HONIARA, Solomon Islands (Solomon Star, May 19, 2008) - An agreement signed in Gizo on Saturday is good news for children in the Western and Choiseul provinces. It will help rebuild and improve more than 140 schools in the tsunami affected areas of the provinces.

The agreement will secure more than SB$24 million [US$3 million] from the European Union (EU) Stabex 98 funds for a major joint project. The SB$24 million will be made available through the United Nations Children’s Fund (UNICEF), which will implement the program.

Representatives from the EU, UNICEF and the Government signed at a ceremony in the Western Province capital.

European Union head of delegation, based in Port Moresby, Aldo Dell’Arricia, Planning Minister Steve Abana and UNICEF representative Dr. Isiye Ndombi signed.

The UNICEF Pacific Office, EU, the Government and NZAID are altogether investing SB$60 million for the combined education rehabilitation work.

The funding will enable rebuilding of new and better classrooms, staff houses and improved sanitation.

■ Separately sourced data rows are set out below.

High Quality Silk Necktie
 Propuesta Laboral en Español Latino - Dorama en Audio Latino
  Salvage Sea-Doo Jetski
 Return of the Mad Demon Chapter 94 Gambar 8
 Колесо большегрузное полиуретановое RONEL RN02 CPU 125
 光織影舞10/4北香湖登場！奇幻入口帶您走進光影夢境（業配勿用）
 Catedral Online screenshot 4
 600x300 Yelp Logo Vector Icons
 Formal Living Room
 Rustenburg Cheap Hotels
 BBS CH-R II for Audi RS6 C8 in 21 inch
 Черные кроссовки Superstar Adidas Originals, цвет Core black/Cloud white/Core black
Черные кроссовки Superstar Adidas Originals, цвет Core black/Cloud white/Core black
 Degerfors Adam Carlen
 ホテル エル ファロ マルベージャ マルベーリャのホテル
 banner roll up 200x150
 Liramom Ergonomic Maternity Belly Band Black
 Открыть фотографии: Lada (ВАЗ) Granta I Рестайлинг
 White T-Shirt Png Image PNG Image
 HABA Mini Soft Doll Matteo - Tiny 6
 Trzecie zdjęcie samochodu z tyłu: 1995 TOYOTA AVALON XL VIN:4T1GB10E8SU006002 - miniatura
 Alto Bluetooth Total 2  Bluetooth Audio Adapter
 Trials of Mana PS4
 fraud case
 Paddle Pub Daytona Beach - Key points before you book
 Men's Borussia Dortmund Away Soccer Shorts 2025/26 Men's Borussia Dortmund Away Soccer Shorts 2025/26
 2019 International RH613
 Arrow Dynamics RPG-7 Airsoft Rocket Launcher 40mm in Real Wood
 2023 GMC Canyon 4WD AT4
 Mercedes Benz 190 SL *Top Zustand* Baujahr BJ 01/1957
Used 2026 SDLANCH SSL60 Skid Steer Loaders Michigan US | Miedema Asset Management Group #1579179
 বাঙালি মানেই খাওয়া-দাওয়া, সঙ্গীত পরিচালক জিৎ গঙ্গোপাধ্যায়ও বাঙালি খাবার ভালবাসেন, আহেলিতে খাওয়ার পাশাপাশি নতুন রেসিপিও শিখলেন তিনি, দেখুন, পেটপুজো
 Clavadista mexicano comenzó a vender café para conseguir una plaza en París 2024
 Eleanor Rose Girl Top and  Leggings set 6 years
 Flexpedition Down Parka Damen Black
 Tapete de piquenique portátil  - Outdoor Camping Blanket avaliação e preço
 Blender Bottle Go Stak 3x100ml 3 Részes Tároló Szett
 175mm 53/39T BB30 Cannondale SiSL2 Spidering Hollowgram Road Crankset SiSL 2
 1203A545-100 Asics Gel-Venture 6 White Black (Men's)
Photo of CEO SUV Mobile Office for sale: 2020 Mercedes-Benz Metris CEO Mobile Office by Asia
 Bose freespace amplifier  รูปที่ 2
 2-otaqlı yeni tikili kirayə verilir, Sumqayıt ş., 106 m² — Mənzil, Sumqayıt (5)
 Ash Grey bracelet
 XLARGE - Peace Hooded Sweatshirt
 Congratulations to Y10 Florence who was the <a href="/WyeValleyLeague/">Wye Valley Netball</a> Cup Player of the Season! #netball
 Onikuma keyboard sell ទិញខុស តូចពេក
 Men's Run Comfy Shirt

Western and Choiseul provinces suffered a devastating earthquake and tsunami early April last year, which caused 52 deaths.

An estimated 10,000 people were made homeless and about 18,000 children were kept from school for the remainder of the year.

UNICEF Pacific Islands representative Ndombi said, "The education rehabilitation program is not only aimed at rebuilding schools, but schools with much improved buildings and sanitation than the affected communities had before."

Ndombi said that experience garnered from similar natural disasters around the world by UNICEF enables it to effectively implement the work.

"The discussion I had with the team that will be working on the rehabilitation process left me confident that we shall deliver the project well," he said.

Mr. Abana thanked the EU and UNICEF for the positive role they are playing in ensuring the children have new and improved facilities.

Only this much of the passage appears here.